Pictures are to be left out. Return exactly the lines below from the one with "Sam Edelman Coral" up to and including the one with "Edelstahl Grillpfännchen 4-teilig".

# Input data

---

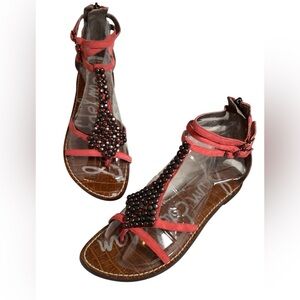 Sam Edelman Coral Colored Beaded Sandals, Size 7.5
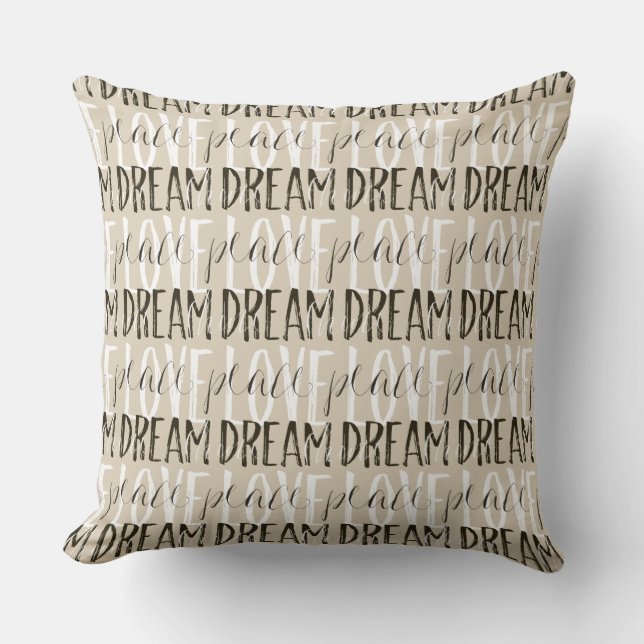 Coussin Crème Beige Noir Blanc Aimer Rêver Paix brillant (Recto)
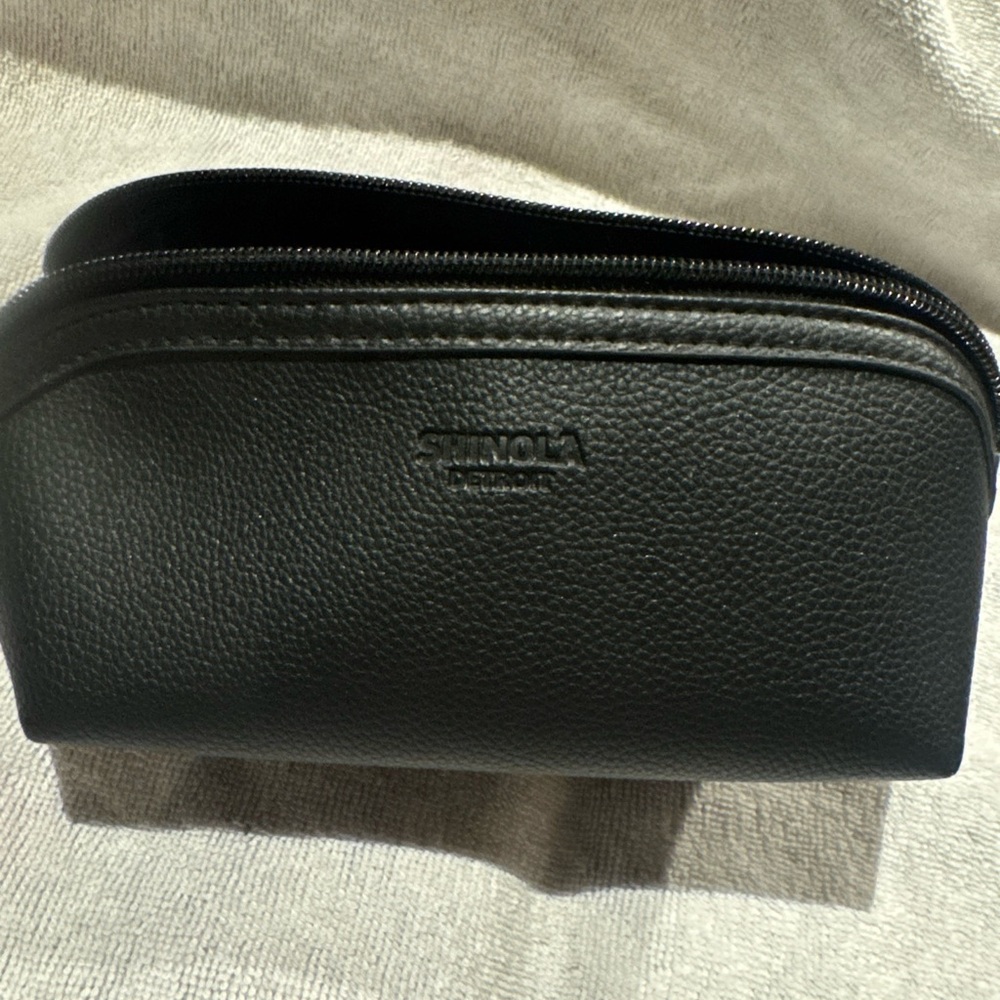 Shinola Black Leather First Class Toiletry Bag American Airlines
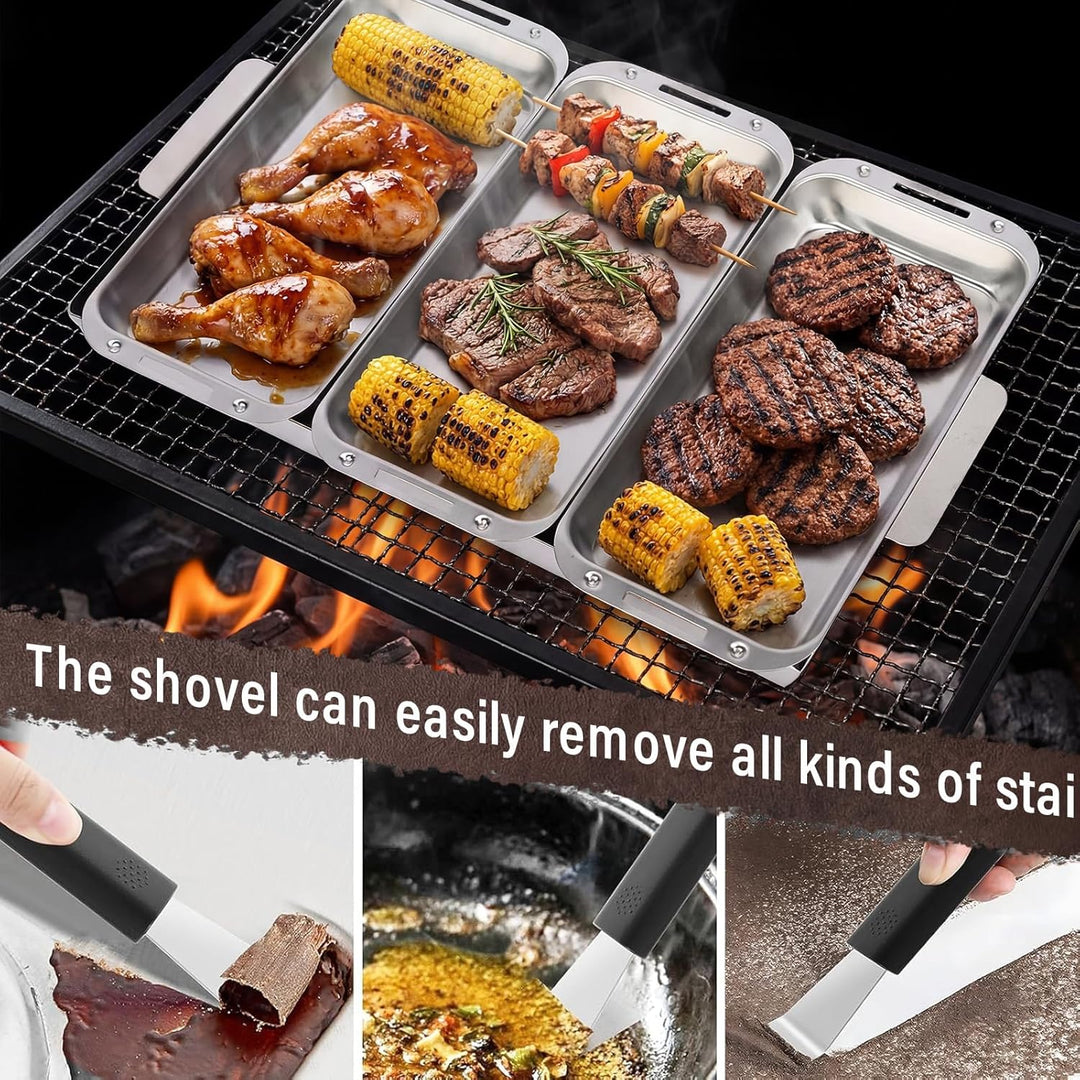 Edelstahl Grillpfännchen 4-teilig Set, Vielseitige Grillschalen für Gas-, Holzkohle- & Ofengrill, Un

---

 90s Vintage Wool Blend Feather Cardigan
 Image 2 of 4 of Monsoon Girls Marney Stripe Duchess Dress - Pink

---

# Result
 Sam Edelman Coral Colored Beaded Sandals, Size 7.5
 Coussin Crème Beige Noir Blanc Aimer Rêver Paix brillant (Recto)
 Shinola Black Leather First Class Toiletry Bag American Airlines
 Edelstahl Grillpfännchen 4-teilig Set, Vielseitige Grillschalen für Gas-, Holzkohle- & Ofengrill, Un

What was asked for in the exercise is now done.